An influential scientific paper on consciousness by the philosopher Thomas Nagel has the great title, ‘What Is It Like to Be a Bat?’ The paper starts by assuming that most animals have some degree of consciousness, takes the position that we can’t understand consciousness by breaking it down into physical processes such as interactions between cells in the brain or the workings of genes, and concludes that it is impossible to know what it is like to be a bat, but, because bats are conscious, it must be like something. The paper was published in 1974, and much has been discovered since. Psychologists are now confident that bats do have a degree of consciousness, and these researchers also have a reasonable understanding of how a bat’s brain works. But we still do not know what it feels like to be a bat. There are probably ups and downs, good times and bad, with bats experiencing a sense of pleasure and of pain. I doubt they feel anxiety about the fate of the insects they eat while pondering the pros and cons of vegetarianism (I’m assuming they’re not fruit-eating or vampire bats), they are probably unaware that death awaits them, but they take actions to avoid predators, and although they communicate with one another up to a point, they do not lecture one another on the wondrous achievements of bats past.

Understanding consciousness is one of science’s hardest challenges. Conducting experiments on consciousness is difficult, and most experiments conducted to date do not provide much insight into the hard problem of consciousness. Nonetheless, there are a range of views on why consciousness exists, often discussed by philosophers rather than consciousness researchers conducting experiments. When reading this literature, I had to use my mind to try to understand why it exists, trying to balance evidence against speculation. I have concluded that there is evidence that most animals have a degree of consciousness. A fly or a shrimp does not experience the world in the same degree of complexity as you and I, but they still do have experiences, and these experiences are a form of consciousness. Their form of consciousness may be very different from ours. Octopuses, for example, ‘see’ the world through their skin, and many octopus species can change colour and pattern in response to a change in light or background colour and texture. Working out what consciousness is like in other species is extremely challenging and perhaps impossible, and genetics does not help us much here. There is no evidence that there is a single gene that turns consciousness on or off either in octopuses, shrimps, flies or humans. Despite the horror film industry’s love of mindless, murderous zombies, a mutant who lives their life just like you and me but without experiencing any of it has never been observed. There is no simple, single cause of consciousness, although we can use drugs to turn it on and off.

I am not persuaded the hard problem is an issue, but this will be seen as contentious by some researchers.
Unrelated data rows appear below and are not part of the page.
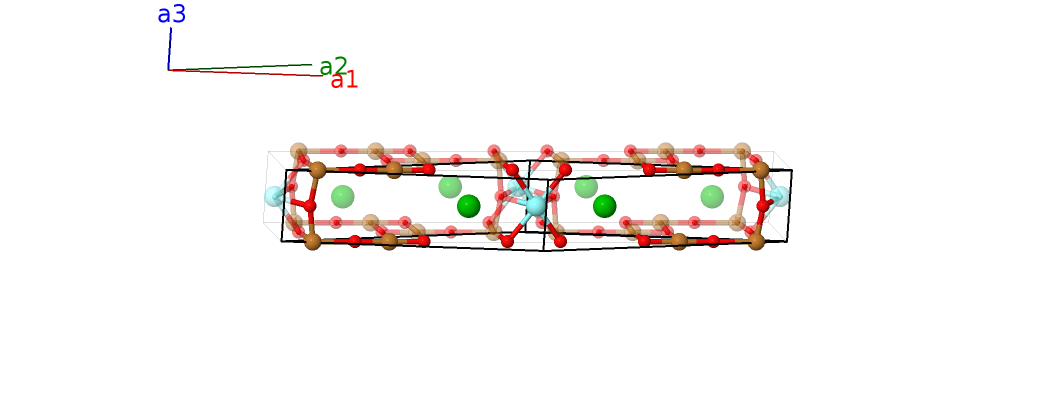 Picture of Structure; Click for Big Picture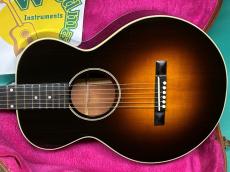 Gibson L-1_2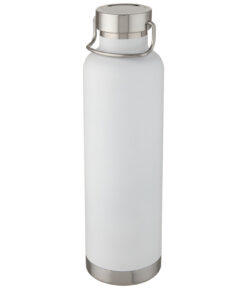 Home 18 Thor 1 l Kupfer-Vakuum Isoliersportflasche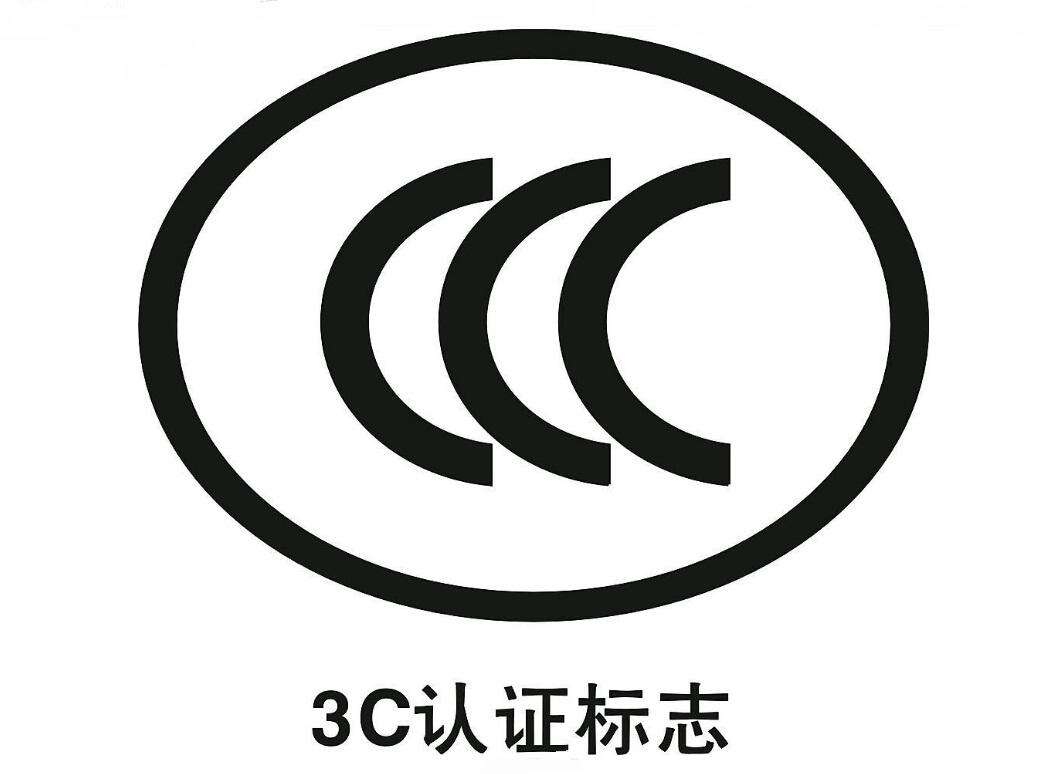 空氣能熱泵生產(chǎn)廠家應(yīng)該怎么選？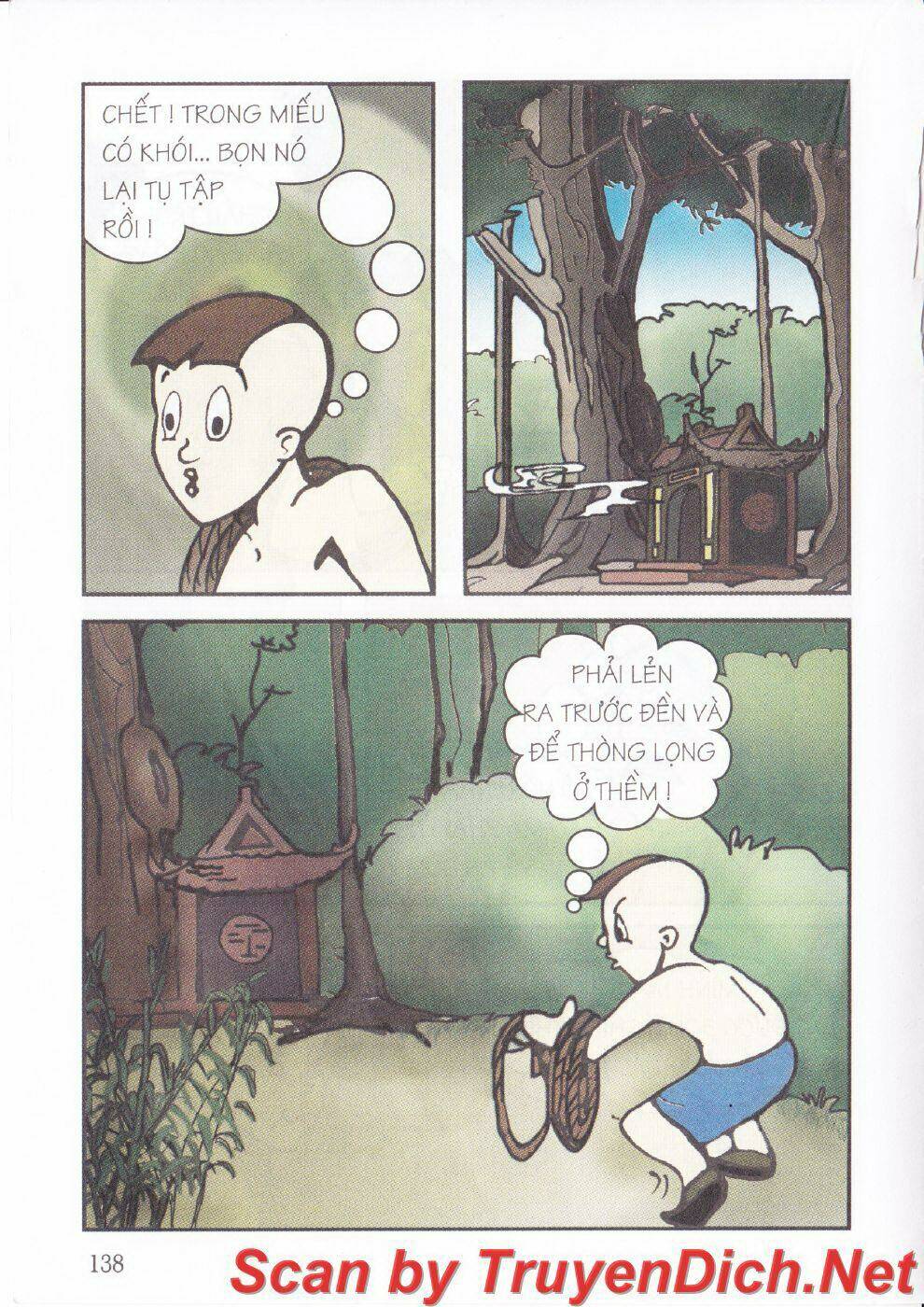 Trang 33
Consciousness inevitably arises from the workings of brains, and I suspect it would be impossible for a brain to receive and process signals from the eyes, ears, nose and skin, combine this information with memories and decide how to act without experiencing something. Given we are conscious, and we have been unable to find what makes us conscious, the logical conclusion is it must arise from the way that brains work. We do some things subconsciously, of course, but this does not mean that everything we do can be done without us knowing about it. The starting assumption of the hard problem that everything could be done subconsciously is wrong. Zombies that behave just like conscious people don’t exist because they can’t. A growing number of psychologists are coming to the conclusion that conscious minds are an inevitable consequence of a complex brain, and if we can understand how the brain works, that could reveal why we are conscious.